This decision relates to the continued saga over deflated footballs that followed the NFL's 2014 season and ended up with commissioner Roger Goodell issuing Brady a four-game suspension. Following Brady's initial appeal - which was heard by Goodell - he appealed to a federal district court, which struck down the suspension.
Of course, the league appealed that decision up to the Second U.S. District Court of Appeals, who handed down a ruling today that reverses the lower court's judgment and reinstates the suspension by a 2-1 vote of the three-judge panel.
Here is the excerpt from the ruling (which was posted in its entirety by ESPN) that describes the decision itself and the general reasoning:
We hold that the Commissioner properly exercised his broad discretion under the collective bargaining agreement and that his procedural rulings were properly grounded in that agreement and did not deprive Brady of fundamental fairness. Accordingly, we REVERSE the judgment of the district court and REMAND with instructions to confirm the award.
What is most interesting about this ruling is the court's clear explanation that the ruling had nothing to do with whether or not Brady actually deflated the footballs. This excerpt clearly outlines what the court deems to be its role in this proceeding:
Our role is not to determine for ourselves whether Brady participated in a scheme to deflate footballs or whether the suspension imposed by the Commissioner should have been for three games or five games or none at all. Nor is it our role to second‐guess the arbitrator's procedural rulings. Our obligation is limited to determining whether the arbitration proceedings and award met the minimum legal standards established by the Labor Management Relations Act.
The court later went on to describe that the authority granted to Goodell derives from the Collective Bargaining Agreement - to which the NFLPA willingly agreed - and that because of this arrangement, he was within his legal bounds in applying the discipline that he did. Ultimately, that puts the onus on the NFLPA for agreeing to the arrangement in the first place.

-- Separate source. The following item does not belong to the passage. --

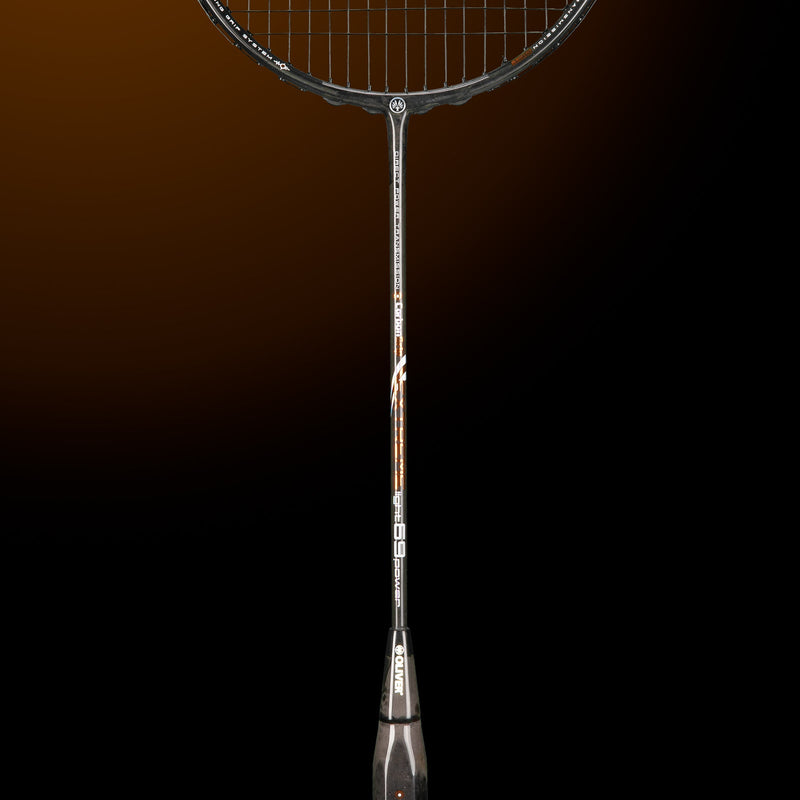 OLIVER EXTREME 69 Power Badminton Racket, grey racket with brown design and dark grey grip on a dark brown background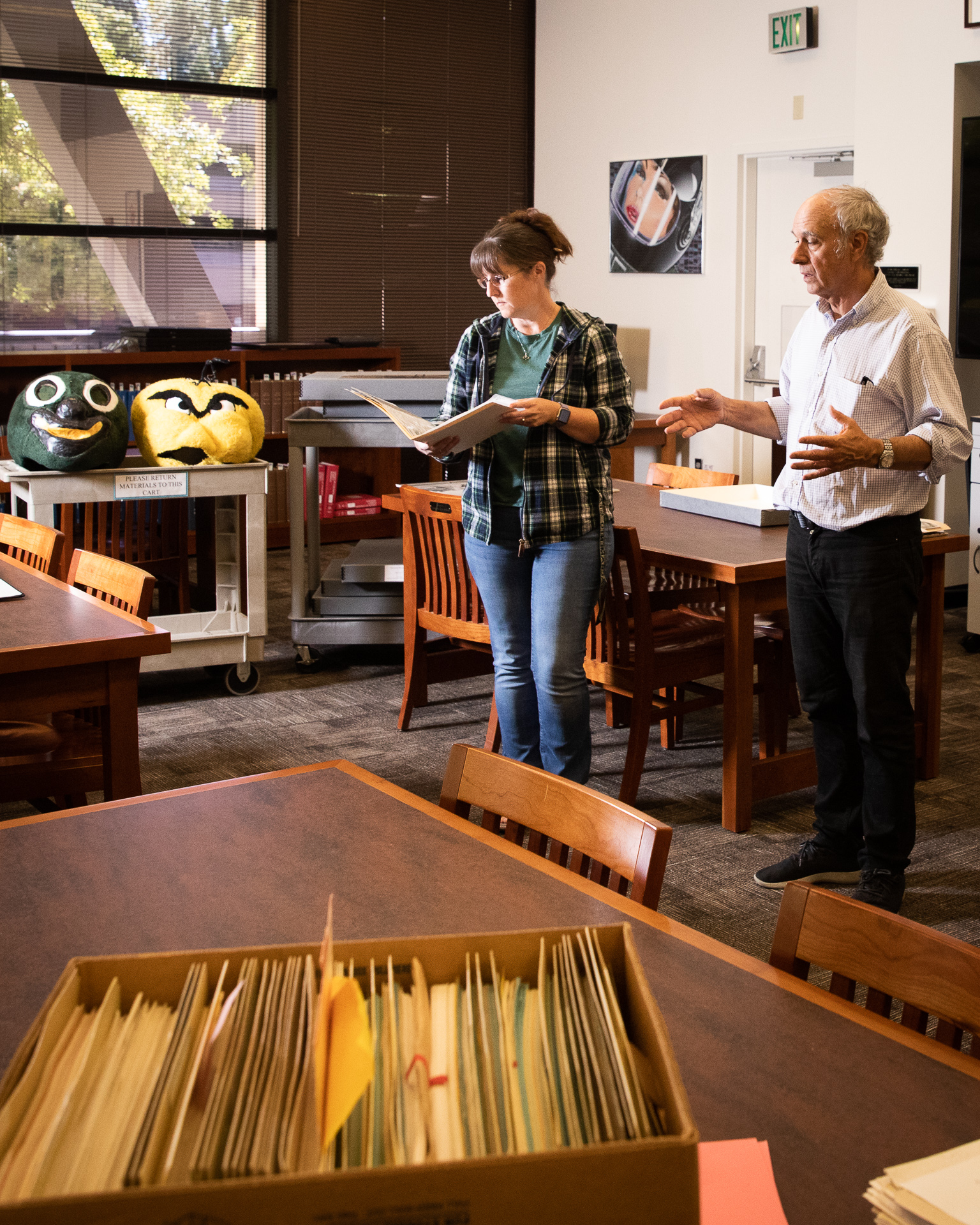 Archives staff members look through boxes of historical documents, photos, and objects for a Library exhibit.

It is almost certain that Brady and the NFLPA will appeal this decision up to another higher court, and the process could ultimately end up in the Supreme Court. That process would likely take a long time, however, and resolution of that process could last until after Brady's career is over.
As Green Bay Packers fans, let's just be glad that (1) our quarterback prefers his footballs over-inflated rather than under-inflated and (2) that there have never been any allegations of him or anyone else in the organization tampering with the footballs after the referees accepted them.